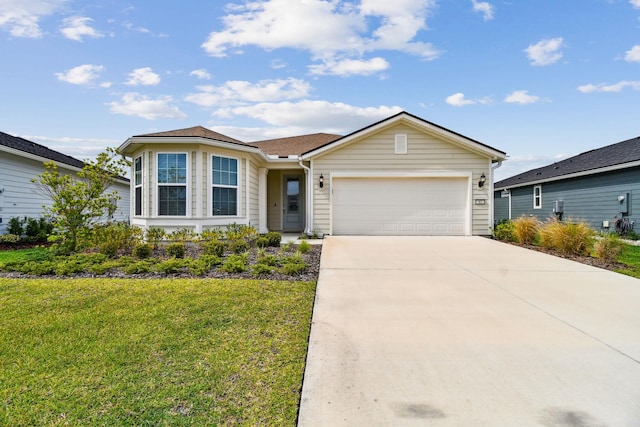 82 Lone Cypress Way, Saint Augustine, FL 32092 - ranch-style house featuring a garage, driveway, and a front yard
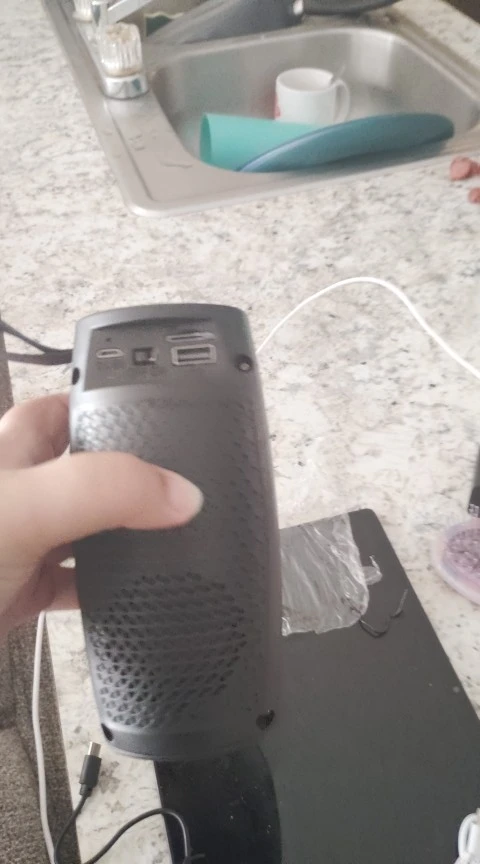 BT-1202 Portable Bluetooth Speaker - 360° Colorful LED photo review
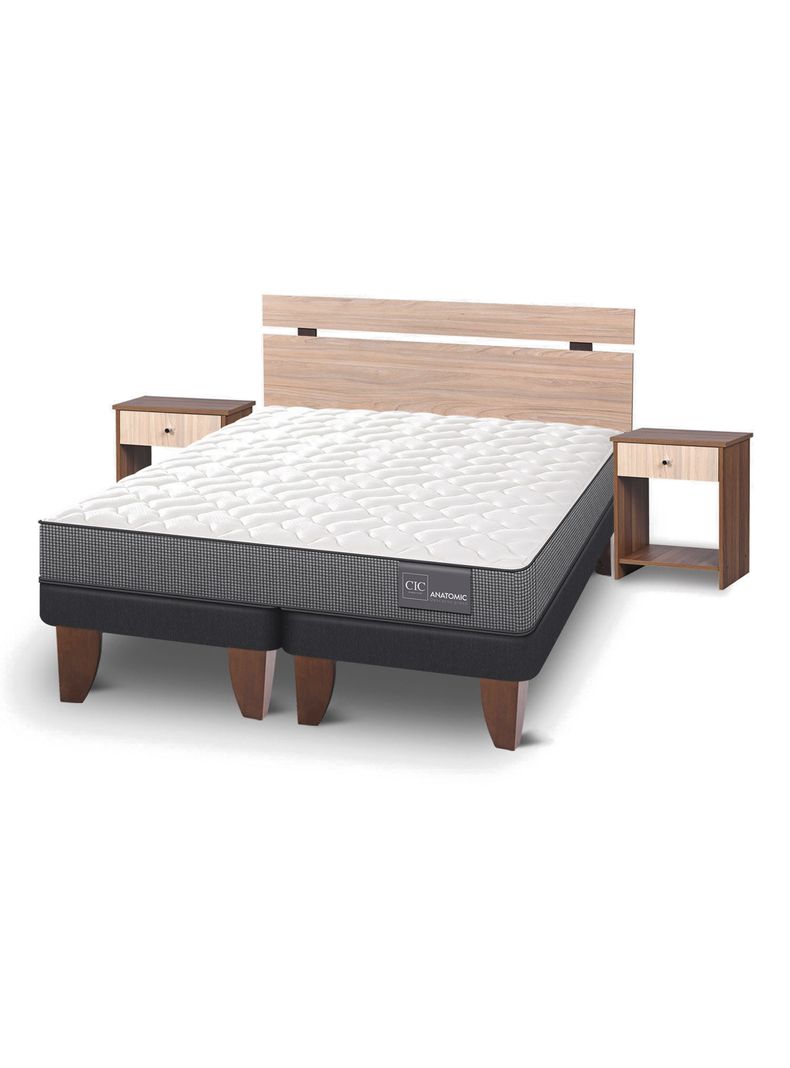Cama Europea Anatomic Base Dividida 2 Plazas Set Muebles Olmo-0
□ □ □ □
Print the material again, unchanged, without its pictures.

### Exercise response:
 82 Lone Cypress Way, Saint Augustine, FL 32092 - ranch-style house featuring a garage, driveway, and a front yard
 BT-1202 Portable Bluetooth Speaker - 360° Colorful LED photo review
Cama Europea Anatomic Base Dividida 2 Plazas Set Muebles Olmo-0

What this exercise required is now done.